Resveratrol protects rabbit ventricular myocytes against oxidative stress-induced arrhythmogenic activity and Ca2＋ overload

Aim： To investigate whether resveratrol suppressed oxidative stress-induced arrhythmogenic activity and Ca2＋ overload in ventricular myocytes and to explore the underlying mechanisms. Methods： Hydrogen peroxide （H2O2, 200 μmol/L）） was used to induce oxidative stress in rabbit ventricular myocytes. Cell shortening and calcium transients were simultaneously recorded to detect arrhythmogenic activity and to measure intracellular Ca2＋ （[Ca2＋]i）. Ca2＋/calmodulin-dependent protein kinases II （CaMKII） activity was measured using a CaMKII kit or Western blotting analysis. Voltage-activated Na＋ and Ca2＋ currents were examined using whole-cell recording in myocytes. Results： H2O2 markedly prolonged Ca2＋ transient duration （CaTD）, and induced early afterdepolarization （EAD）-like and delayed afterdepolarization （DAD）-like arrhythmogenic activity in myocytes paced at 0.16 Hz or 0.5 Hz. Application of resveratrol （30 or 50 μmol/L） dose-dependently suppressed H2O2-induced EAD-like arrhythmogenic activity and attenuated CaTD prolongation.

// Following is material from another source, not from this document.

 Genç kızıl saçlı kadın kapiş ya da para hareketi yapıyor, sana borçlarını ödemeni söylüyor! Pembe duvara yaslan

Co-treatment with resveratrol （50 μmol/L） effectively prevented both EAD-like and DAD-like arrhythmogenic activity induced by H2O2. In addition, resveratrol markedly blunted H2O2-induced diastolic [Ca2＋]i accumulation and prevented the myocytes from developing hypercontracture. In whole-cell recording studies, H2O2 significantly enhanced the late Na＋ current （INa,L） and L-type Ca2＋ current （ICa,L） in myocytes, which were dramatically suppressed or prevented by resveratrol. Furthermore, H2O2-induced ROS production and CaMKII activation were significantly prevented by resveratrol. Conclusion： Resveratrol protects ventricular myocytes against oxidative stress-induced arrhythmogenic activity and Ca2＋ overload through inhibition of INa,L/ICa,L, reduction of ROS generation, and prevention of CaMKII activation.